Florida House Bill 7, known as the “Stop the Wrongs to Our Kids and Employees Act,” was proposed early in 2022 and has already been passed and enforced in K-12 schools across the state. 

The bill’s goal was to “protect individual freedoms and prevent discrimination in the workplace and public schools,” according to the Education Committee of the Florida House of Representatives. It changed how concepts related to race, gender, and sexual orientation were discussed in classrooms. 

Passed April 22, 2022, HB 7 went into effect that summer and has opened the door to multiple pieces of legislation aimed at diversity, equity and inclusion initiatives. This law was the driving force behind Gov. DeSantis call to revamp AP African American Studies, as well as request information from universities regarding DEI programs

(Tingey Injury Law Firm/Unsplash)

After the newly-passed law took effect, many organizations including the American Civil Liberties Union (ACLU) and the Legal Defense Fund (LDF) filed a lawsuit against HB 7. In the case Pernell v. Florida Board of Governors, plaintiffs claimed that the law violates the First and Fourteenth Amendments and was therefore unconstitutional. 

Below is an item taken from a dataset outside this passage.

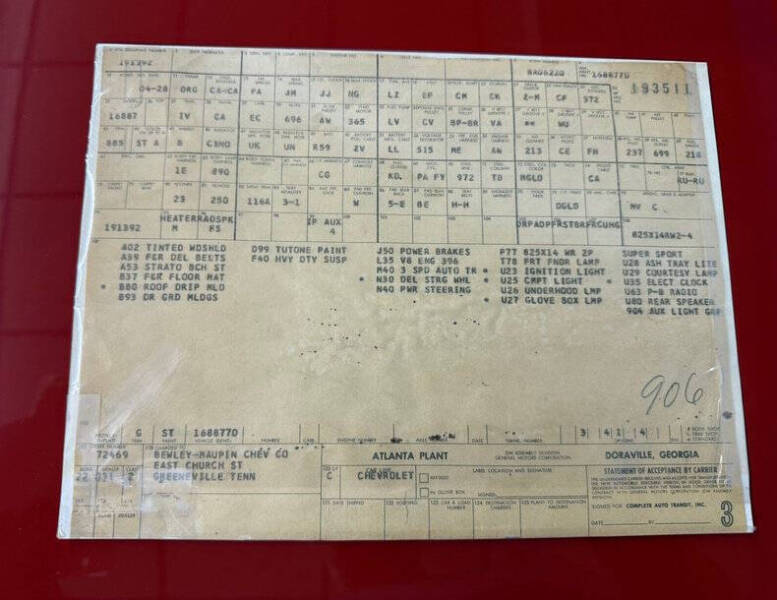 1967 Chevrolet Impala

LDF argued that the law goes against the First Amendment’s protections over freedom of speech, saying it imposes “restrictions on speech and information in college classrooms.”

The lawsuit was formed on Aug. 18, 2022. The plaintiffs argued that the law was intentionally vague and that it “was enacted with a racially discriminatory purpose and will have a disparate impact on Black educators and students,” according to the ACLU.

The district court blocked the Stop WOKE Act with a preliminary injunction on Nov. 17, 2022, and remained blocked until the case was revisited just last week. The Eleventh Circuit Court of Appeals upheld the injunction until they reach a formal decision. 

Dr. Adrienne Lerner, a political science professor at UNF with a focus in constitutional law, explained that this preliminary injunction is temporary while the courts come to their decision. The court must review the merits of the case, but it is going to be a while before that happens, she said. 

Dr. Lerner said that multiple outcomes may be seen as the bill gets pushed through the court system. There are provisions in Florida that allow for some parts of the bill to get struck down while others stand, so if it is found to be unconstitutional at the college level, HB 7 may only be removed in universities and not K-12. 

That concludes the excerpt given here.